* Given information *
------
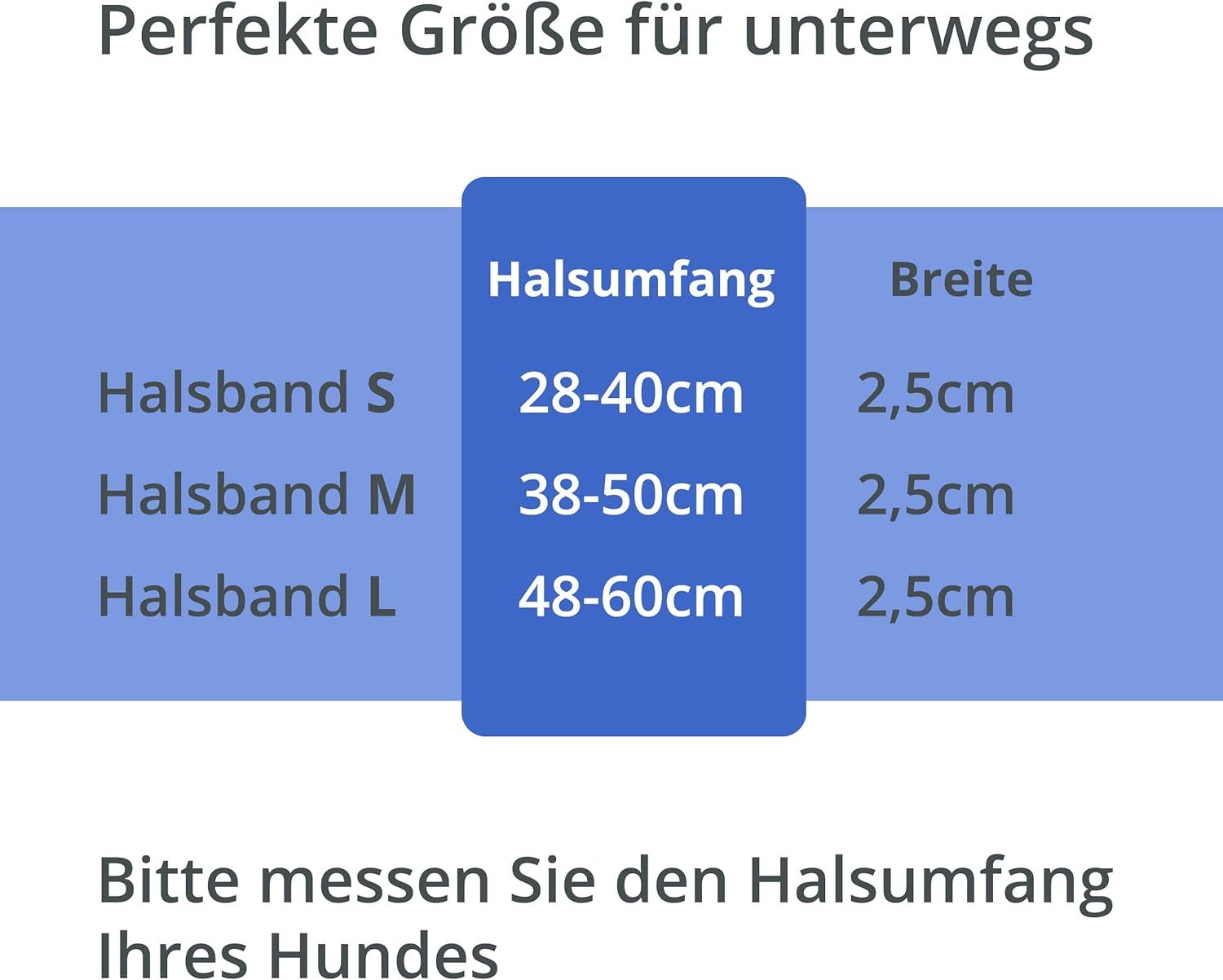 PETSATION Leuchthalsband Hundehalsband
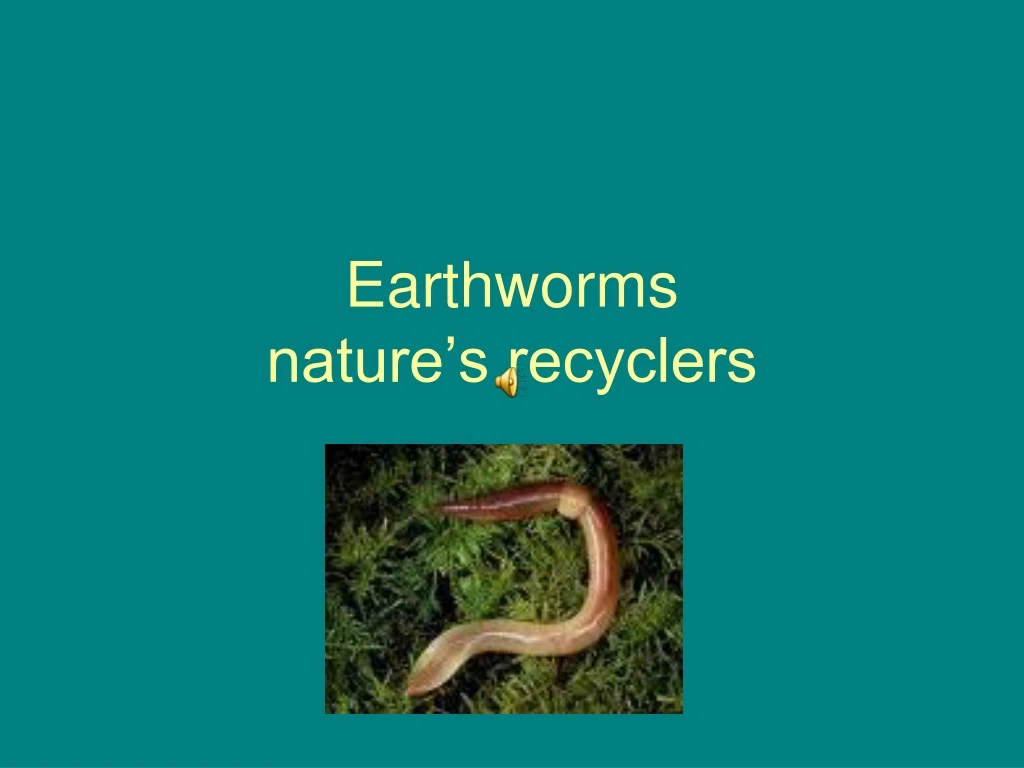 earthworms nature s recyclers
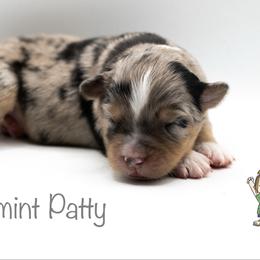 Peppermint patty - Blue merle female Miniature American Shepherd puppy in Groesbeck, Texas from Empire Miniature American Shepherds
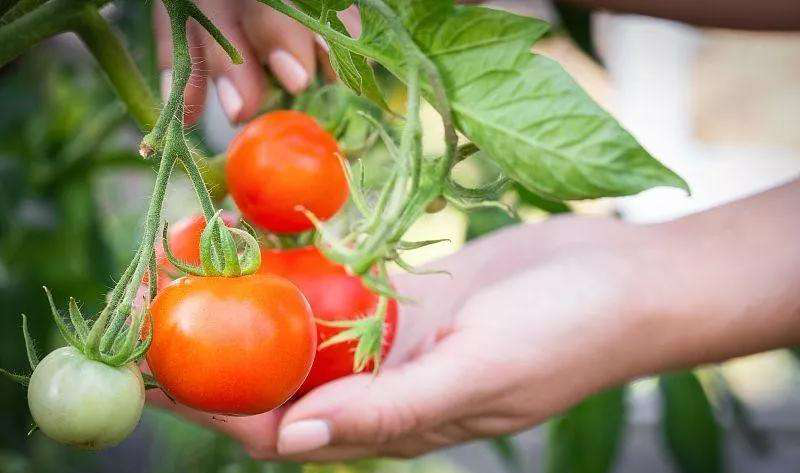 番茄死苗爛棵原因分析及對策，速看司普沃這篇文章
------
* What the task asks *
All of the material above should be written out exactly as given, minus any images.

* Task answer *
 PETSATION Leuchthalsband Hundehalsband
 earthworms nature s recyclers
 Peppermint patty - Blue merle female Miniature American Shepherd puppy in Groesbeck, Texas from Empire Miniature American Shepherds
 番茄死苗爛棵原因分析及對策，速看司普沃這篇文章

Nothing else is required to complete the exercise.